Wrapping your head around the scale of a global pandemic is not easy, and the volume of stats and data can be bewildering.
What, for instance, are we to make of the fact Australia recorded just 109 new cases in its daily count for April 6? Given this figure peaked at around 400 new cases per day, does this mean the rate of infection is now tapering off?
And what, apart from sadness, are we to make of more gruesome statistics, such as the 969 COVID-19 deaths reported in a single day in Italy on March 27?
Which stats are most useful in making sense of the situation? To help interpret and understand the mountains of COVID-19 data, we’ll look at five commonly used methods, and explain the pros and cons of each.
To illustrate each method, we’ll use Johns Hopkins University data for Italy during the 43 days from February 23 to April 5.
1. Daily increases
Much of the COVID-19 data is presented as a daily count of new confirmed infections for the preceding 24 hours. For example, on April 5, Italy had 4,316 new cases.
Such numbers accurately convey the horrific scale of the pandemic, but are less good at revealing how the situation is evolving. Without knowing the previous daily totals, it is impossible to say whether the trend is up or down. We need a way to put it into context.
2. Bar chart of daily new cases
One way to provide context is with a bar chart, also called a histogram, showing each new daily case count.
The graph below shows the number of new cases in Italy, from February 23 (the first day with over 100 new cases, and which we have labelled day 1), to 4,316 on April 5 (day 43).
This type of graph can reveal meaningful trends at a glance. We can see the number of new cases began to stabilise on about day 26, and may even have begun to trend downwards.
But while large trends are obvious, we need to be careful when it comes to smaller trends – they may merely be random variations in the daily counts.
3. Graph of cumulative cases
Daily counts tell us how fast the epidemic is growing, but they don’t tell us how big it has grown overall. For that, we need a graph of the total number of cases so far.
This is called a cumulative graph, because each day’s data point is the sum total of all the previously confirmed cases.
This is an excellent tool for visualising the full extent of the outbreak so far.
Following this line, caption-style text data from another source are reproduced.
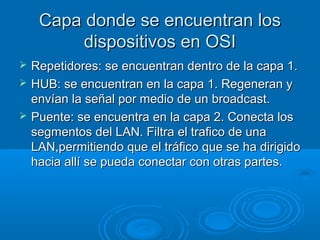 Capa donde se encuentran los
dispositivos en OSI




Repetidores: se encuentran dentro de la capa 1.
HUB: se encuentran en la capa 1. Regeneran y
envían la señal por medio de un broadcast.
Puente: se encuentra en la capa 2. Conecta los
segmentos del LAN. Filtra el trafico de una
LAN,permitiendo que el tráfico que se ha dirigido
hacia allí se pueda conectar con otras partes.

 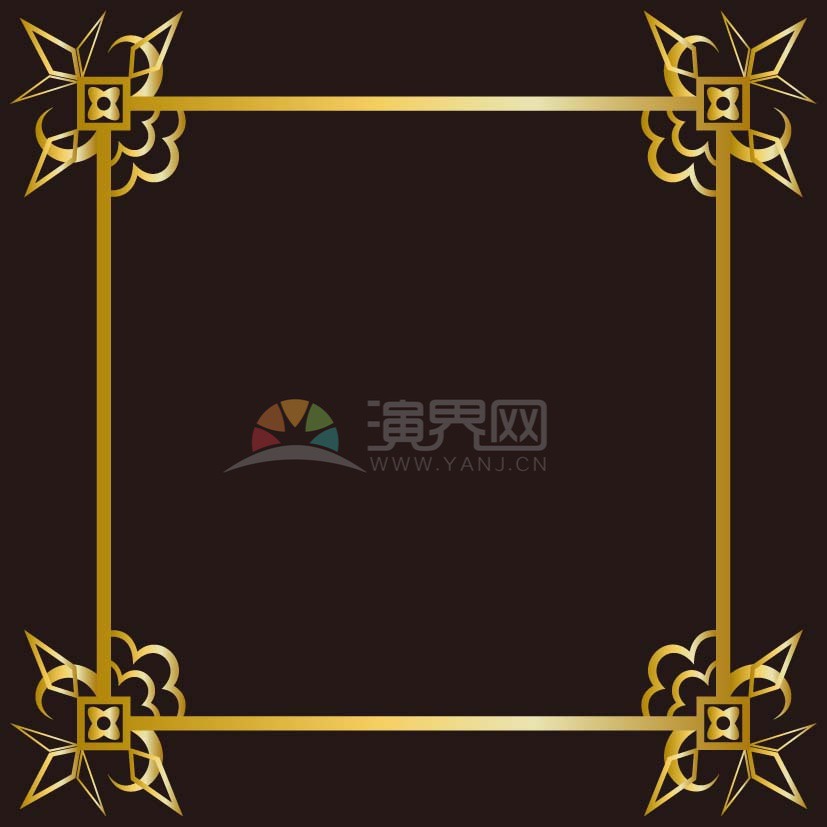 黑色暗金玫瑰對稱正方形邊框底框展示框畫框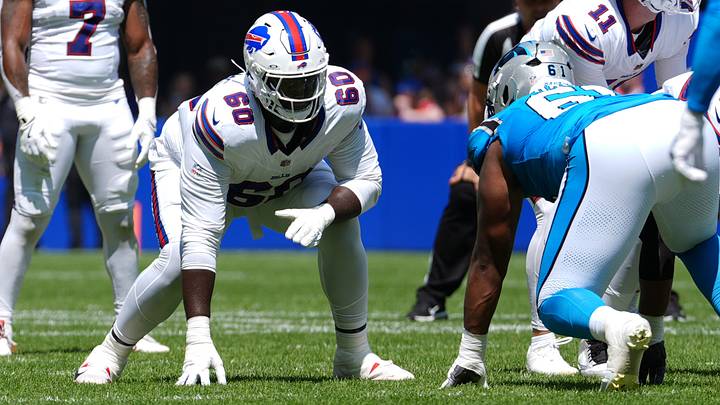 Aug. 15, 2026; Orchard Park, New York, USA; Buffalo Bills' rookie guard Ar'maj Reed-Adams (60) lines up for a play against the Carolina Panthers during the first half of a preseason game at the new Highmark Stadium. Aug. 15, 2026; Orchard Park, New York, USA; Buffalo Bills' rookie guard Ar'maj Reed-Adams (60) lines up for a play against the Carolina Panthers during the first half of a preseason game at the new Highmark Stadium.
But the danger is that it makes things look much worse than they are, because the total number of confirmed cases since the beginning of the outbreak can only go up, not down.
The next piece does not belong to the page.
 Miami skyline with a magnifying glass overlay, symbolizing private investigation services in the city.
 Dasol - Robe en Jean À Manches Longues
This method also makes it hard to see when growth rates are slowing, because you have to look for a plateau in the curve, rather than a drop.
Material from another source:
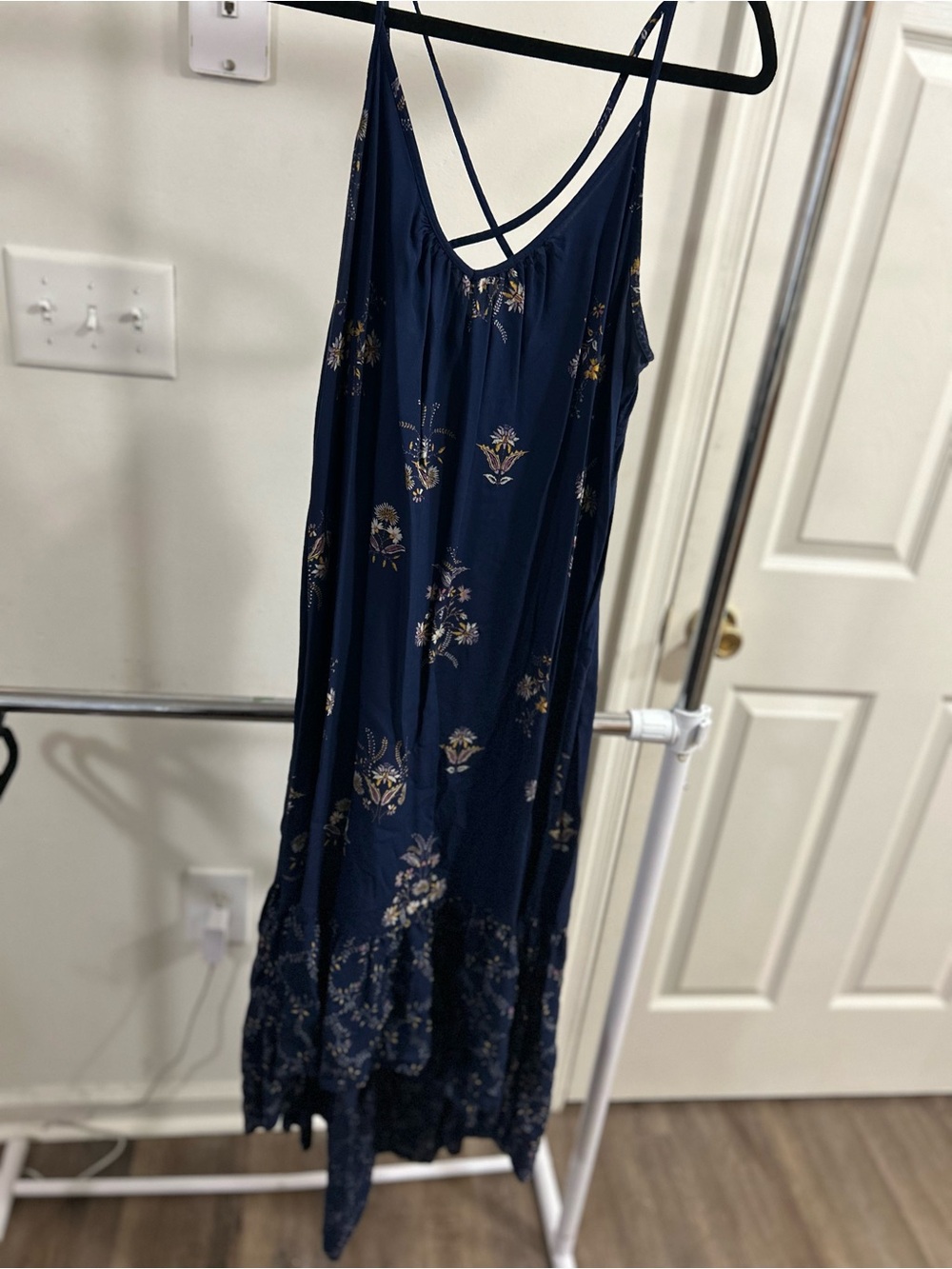 a.n.a Navy Floral Maxi Dress with Delicate Straps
4. Cumulative cases (log scale)
To compensate, we can present the same data on a logarithmic (or log) scale. This means the graph’s vertical axis (y-axis) is graduated by orders of magnitude (1, 10, 100, 1,000) rather than in equal increments (10, 20, 30, 40).
This basically “squashes” the y-axis so large numbers do not skew the whole graph. If an epidemic is growing exponentially, it arguably makes more sense to plot it this way because the trend line can “keep up” with the numbers instead of shooting off into the stratosphere.
The log scale graph above shows the same data as the previous graph, but now it clearly tells the story of how Italy’s infection rates actually began to slow before day 26.
One downside is that this is clearly a more abstract way of looking at the data, so you need to know how a log scale works before you can make meaningful sense of it.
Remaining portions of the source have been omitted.